Cette discordance constitue une difficulté importante, ce qui explique que la première chambre civile ait décidé de renvoyer la question suivante à la Cour de justice : « Les dispositions de l’article 7, point 2, du règlement (UE) n° 1215/2012 doivent-elles être interprétées en ce sens que la personne qui, estimant qu’une atteinte a été portée à ses droits par la diffusion de propos dénigrants sur internet, agit tout à la fois aux fins de rectification des données et de suppression des contenus, ainsi qu’en réparation des préjudices moral et économique en résultant, peut réclamer, devant les juridictions de chaque État membre sur le territoire duquel un contenu mis en ligne est ou a été accessible, l’indemnisation du dommage causé sur le territoire de cet État membre, conformément à l’arrêt eDate Advertising (pts 51 et 52) ou si, en application de l’arrêt Svensk Handel (pt 48), elle doit porter cette demande indemnitaire devant la juridiction compétente pour ordonner la rectification des données et la suppression des commentaires dénigrants ? »

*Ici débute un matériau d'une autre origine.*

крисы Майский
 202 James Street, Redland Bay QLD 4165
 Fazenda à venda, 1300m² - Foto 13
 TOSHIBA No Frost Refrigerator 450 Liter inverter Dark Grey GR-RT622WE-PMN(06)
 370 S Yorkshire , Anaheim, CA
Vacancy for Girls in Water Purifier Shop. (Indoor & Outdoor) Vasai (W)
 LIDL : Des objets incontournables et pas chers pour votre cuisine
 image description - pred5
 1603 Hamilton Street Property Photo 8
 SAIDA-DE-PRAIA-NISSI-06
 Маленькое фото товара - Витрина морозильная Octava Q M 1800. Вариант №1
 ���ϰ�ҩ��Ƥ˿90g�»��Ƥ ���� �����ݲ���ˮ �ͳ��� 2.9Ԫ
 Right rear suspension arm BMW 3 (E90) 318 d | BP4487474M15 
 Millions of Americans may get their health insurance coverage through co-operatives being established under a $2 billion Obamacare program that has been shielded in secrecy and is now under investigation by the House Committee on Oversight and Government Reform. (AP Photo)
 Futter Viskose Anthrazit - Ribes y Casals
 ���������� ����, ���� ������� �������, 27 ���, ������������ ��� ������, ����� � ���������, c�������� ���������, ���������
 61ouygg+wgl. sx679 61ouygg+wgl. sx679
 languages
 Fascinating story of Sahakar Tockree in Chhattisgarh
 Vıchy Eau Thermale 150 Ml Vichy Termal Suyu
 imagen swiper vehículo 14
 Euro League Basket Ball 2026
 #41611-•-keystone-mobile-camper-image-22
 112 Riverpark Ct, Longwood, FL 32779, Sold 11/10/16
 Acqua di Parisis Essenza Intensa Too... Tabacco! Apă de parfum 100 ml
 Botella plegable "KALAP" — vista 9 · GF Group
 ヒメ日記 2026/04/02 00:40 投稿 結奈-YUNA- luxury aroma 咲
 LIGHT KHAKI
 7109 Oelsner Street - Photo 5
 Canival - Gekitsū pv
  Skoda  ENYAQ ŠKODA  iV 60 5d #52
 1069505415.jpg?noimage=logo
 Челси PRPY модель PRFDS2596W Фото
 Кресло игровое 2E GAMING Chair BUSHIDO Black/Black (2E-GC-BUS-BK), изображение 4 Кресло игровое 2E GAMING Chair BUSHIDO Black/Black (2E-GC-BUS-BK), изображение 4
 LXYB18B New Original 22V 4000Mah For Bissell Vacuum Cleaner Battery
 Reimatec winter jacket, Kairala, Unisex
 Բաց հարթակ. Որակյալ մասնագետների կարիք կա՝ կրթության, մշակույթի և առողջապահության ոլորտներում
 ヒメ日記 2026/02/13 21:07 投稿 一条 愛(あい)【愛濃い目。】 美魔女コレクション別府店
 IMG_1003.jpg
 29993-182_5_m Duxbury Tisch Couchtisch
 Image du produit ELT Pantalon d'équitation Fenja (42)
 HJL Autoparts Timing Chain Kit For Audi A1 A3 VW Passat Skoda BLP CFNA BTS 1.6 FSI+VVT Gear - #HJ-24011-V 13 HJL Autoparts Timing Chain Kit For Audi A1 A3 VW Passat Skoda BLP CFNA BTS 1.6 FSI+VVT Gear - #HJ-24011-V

Ce renvoi préjudiciel est bienvenu dans ce domaine où on a relevé, avec une grande justesse, que le droit est mal fixé et que la Cour de justice de l’Union européenne procède par des apports ponctuels au regard des litiges qui lui sont soumis (H. Gaudemet-Tallon et M.-E. Ancel, Compétence et exécution des jugements en Europe, 6e éd., LGDJ, 2018, n° 233, p. 355), ce qui est un important facteur d’incertitudes. Il est à espérer que la Cour de justice clarifiera sa position avec pragmatisme, sans recourir à nouveau aux notions floues – « nature ubiquitaire des données et des contenus » et « demande […] une et indivisible » – utilisées dans son arrêt du 17 octobre 2017. Une commentatrice de l’arrêt du 17 octobre 2017 a d’ailleurs anticipé l’abandon de l’approche consacrée par l’arrêt du 25 octobre 2011, au moins pour les délits commis sur internet (L. Idot, note préc., in fine).